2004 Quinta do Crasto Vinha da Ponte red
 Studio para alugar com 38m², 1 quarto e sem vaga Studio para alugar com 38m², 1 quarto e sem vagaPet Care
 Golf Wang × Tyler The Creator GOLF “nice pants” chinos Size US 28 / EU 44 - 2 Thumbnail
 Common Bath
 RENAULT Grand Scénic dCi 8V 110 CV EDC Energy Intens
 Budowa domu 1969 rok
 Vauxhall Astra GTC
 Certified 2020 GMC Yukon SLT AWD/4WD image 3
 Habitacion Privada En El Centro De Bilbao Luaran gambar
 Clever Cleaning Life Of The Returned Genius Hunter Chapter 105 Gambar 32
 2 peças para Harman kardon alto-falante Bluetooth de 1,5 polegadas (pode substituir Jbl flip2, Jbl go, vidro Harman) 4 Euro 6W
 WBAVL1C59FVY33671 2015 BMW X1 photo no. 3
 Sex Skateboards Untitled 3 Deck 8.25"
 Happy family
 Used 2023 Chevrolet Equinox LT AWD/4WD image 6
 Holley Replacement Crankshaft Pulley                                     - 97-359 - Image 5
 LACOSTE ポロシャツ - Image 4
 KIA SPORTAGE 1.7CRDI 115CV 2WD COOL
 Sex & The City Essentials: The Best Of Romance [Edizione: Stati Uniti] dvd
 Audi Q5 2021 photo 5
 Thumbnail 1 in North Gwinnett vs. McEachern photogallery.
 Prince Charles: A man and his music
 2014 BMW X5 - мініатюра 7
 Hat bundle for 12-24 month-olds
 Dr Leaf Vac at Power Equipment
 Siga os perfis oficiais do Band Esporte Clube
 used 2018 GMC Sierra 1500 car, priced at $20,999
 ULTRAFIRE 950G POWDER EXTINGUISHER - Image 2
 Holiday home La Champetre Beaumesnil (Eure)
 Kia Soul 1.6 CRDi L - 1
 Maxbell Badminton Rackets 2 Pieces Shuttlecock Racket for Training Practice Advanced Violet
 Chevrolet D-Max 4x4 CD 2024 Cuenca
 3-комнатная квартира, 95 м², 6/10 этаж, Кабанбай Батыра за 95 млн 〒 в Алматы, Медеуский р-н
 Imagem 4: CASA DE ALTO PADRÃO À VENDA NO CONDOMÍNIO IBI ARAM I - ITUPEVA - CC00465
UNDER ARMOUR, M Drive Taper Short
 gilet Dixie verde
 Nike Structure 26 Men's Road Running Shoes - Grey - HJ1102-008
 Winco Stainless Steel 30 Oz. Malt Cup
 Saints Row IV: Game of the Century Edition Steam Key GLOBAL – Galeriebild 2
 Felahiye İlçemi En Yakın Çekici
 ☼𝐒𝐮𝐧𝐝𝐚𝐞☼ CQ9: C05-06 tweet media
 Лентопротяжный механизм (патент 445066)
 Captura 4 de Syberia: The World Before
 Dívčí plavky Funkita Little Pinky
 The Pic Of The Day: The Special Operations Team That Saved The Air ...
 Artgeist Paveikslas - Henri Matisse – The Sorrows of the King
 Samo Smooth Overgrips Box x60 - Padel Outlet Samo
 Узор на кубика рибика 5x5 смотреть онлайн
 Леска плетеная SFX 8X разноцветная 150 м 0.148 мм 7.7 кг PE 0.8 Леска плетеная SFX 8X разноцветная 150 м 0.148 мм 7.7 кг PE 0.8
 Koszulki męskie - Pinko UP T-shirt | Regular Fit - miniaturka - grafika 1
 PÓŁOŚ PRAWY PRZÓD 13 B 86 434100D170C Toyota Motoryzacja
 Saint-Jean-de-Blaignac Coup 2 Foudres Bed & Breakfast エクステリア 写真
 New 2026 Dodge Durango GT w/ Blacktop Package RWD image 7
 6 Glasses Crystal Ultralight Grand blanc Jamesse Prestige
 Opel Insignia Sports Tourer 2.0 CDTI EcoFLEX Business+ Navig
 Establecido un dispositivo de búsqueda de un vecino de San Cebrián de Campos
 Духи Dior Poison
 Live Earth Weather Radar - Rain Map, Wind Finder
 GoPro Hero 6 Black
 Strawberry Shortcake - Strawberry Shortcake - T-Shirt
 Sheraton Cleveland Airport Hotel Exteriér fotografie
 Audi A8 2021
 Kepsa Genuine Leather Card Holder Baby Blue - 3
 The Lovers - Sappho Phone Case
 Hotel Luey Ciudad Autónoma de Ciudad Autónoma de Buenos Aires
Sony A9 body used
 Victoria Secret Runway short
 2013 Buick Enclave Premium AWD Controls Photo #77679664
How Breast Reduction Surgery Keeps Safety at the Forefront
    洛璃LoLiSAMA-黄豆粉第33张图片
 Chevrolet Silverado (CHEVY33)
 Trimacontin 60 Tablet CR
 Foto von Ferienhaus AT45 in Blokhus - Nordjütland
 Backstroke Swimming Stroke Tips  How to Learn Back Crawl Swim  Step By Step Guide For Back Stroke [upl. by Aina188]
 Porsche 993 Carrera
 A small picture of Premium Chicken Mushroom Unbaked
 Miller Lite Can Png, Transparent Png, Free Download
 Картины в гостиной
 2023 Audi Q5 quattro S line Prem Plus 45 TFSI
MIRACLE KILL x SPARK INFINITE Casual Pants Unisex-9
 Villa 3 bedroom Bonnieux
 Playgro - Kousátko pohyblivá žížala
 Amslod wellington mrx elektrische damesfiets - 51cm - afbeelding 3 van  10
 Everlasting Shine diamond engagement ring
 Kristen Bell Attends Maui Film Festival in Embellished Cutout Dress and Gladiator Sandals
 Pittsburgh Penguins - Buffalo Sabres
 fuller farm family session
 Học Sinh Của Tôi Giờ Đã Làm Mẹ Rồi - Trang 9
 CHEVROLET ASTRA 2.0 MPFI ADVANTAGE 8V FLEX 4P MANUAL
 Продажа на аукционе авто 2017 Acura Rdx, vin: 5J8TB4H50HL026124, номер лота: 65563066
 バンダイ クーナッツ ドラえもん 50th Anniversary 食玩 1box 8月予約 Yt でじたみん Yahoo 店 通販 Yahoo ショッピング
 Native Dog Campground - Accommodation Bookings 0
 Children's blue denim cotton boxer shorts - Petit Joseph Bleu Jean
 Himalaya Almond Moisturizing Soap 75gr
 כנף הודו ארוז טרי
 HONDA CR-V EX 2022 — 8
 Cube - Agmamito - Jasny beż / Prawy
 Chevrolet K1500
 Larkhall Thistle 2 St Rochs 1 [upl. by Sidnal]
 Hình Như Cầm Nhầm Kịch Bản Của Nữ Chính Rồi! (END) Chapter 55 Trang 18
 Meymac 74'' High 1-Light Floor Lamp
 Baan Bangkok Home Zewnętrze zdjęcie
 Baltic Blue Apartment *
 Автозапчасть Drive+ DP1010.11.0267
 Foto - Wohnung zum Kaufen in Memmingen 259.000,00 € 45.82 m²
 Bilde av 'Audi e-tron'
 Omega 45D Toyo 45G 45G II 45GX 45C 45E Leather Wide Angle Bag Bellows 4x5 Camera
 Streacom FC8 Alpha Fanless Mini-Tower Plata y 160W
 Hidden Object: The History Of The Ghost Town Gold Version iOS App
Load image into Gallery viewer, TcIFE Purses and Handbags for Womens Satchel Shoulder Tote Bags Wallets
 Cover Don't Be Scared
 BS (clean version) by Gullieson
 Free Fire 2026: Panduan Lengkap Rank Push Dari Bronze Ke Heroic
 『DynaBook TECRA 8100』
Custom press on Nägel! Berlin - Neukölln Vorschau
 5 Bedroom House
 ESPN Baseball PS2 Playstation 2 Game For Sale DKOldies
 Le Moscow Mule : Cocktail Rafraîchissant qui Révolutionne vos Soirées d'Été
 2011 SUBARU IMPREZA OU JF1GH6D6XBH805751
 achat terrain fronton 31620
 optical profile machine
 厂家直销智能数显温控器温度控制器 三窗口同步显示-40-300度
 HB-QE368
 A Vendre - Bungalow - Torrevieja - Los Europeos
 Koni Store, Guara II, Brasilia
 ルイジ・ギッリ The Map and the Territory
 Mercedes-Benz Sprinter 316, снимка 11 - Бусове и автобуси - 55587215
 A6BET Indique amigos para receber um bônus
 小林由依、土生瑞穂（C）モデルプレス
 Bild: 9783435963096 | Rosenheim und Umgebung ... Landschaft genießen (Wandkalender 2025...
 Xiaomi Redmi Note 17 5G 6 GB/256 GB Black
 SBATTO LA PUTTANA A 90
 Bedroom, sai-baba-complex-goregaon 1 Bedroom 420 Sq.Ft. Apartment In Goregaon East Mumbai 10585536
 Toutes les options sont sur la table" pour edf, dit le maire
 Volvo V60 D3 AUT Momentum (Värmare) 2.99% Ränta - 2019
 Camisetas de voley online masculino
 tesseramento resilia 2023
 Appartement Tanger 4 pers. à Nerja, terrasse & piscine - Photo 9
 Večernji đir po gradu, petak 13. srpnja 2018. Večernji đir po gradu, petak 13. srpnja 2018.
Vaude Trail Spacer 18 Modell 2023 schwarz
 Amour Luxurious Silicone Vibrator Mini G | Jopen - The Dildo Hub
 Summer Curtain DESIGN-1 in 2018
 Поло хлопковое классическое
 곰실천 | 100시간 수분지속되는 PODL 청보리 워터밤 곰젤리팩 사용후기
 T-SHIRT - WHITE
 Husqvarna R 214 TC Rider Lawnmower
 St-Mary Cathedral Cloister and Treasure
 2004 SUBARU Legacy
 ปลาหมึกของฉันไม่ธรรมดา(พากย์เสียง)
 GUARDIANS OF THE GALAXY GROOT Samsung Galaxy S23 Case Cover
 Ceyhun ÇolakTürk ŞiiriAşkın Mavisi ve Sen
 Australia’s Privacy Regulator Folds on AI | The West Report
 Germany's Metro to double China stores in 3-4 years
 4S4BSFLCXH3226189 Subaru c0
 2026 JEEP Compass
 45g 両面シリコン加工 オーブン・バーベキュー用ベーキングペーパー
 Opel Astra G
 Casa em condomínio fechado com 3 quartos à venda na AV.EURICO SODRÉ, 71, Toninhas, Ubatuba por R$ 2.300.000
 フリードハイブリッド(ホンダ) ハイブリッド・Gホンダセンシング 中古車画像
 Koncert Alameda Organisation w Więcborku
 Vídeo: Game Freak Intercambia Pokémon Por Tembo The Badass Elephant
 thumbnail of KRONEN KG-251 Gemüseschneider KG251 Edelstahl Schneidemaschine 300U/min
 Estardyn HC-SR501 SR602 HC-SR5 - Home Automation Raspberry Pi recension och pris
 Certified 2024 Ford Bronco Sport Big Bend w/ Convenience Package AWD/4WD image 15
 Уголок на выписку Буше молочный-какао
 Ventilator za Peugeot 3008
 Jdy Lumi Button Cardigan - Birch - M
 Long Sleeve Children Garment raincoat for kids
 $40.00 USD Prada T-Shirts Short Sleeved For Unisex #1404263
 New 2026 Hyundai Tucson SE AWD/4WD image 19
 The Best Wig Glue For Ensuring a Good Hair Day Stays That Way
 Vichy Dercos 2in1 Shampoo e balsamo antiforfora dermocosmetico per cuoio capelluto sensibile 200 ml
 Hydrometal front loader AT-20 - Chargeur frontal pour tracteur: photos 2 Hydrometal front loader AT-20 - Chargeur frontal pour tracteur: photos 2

- TASK TO CARRY OUT: Output exactly one stretch of the listing: from the line containing "Картины в гостиной" through the line containing "CHEVROLET ASTRA 2.0", both end lines included.

- SOLVED PROBLEM:
 Картины в гостиной
 2023 Audi Q5 quattro S line Prem Plus 45 TFSI
MIRACLE KILL x SPARK INFINITE Casual Pants Unisex-9
 Villa 3 bedroom Bonnieux
 Playgro - Kousátko pohyblivá žížala
 Amslod wellington mrx elektrische damesfiets - 51cm - afbeelding 3 van  10
 Everlasting Shine diamond engagement ring
 Kristen Bell Attends Maui Film Festival in Embellished Cutout Dress and Gladiator Sandals
 Pittsburgh Penguins - Buffalo Sabres
 fuller farm family session
 Học Sinh Của Tôi Giờ Đã Làm Mẹ Rồi - Trang 9
 CHEVROLET ASTRA 2.0 MPFI ADVANTAGE 8V FLEX 4P MANUAL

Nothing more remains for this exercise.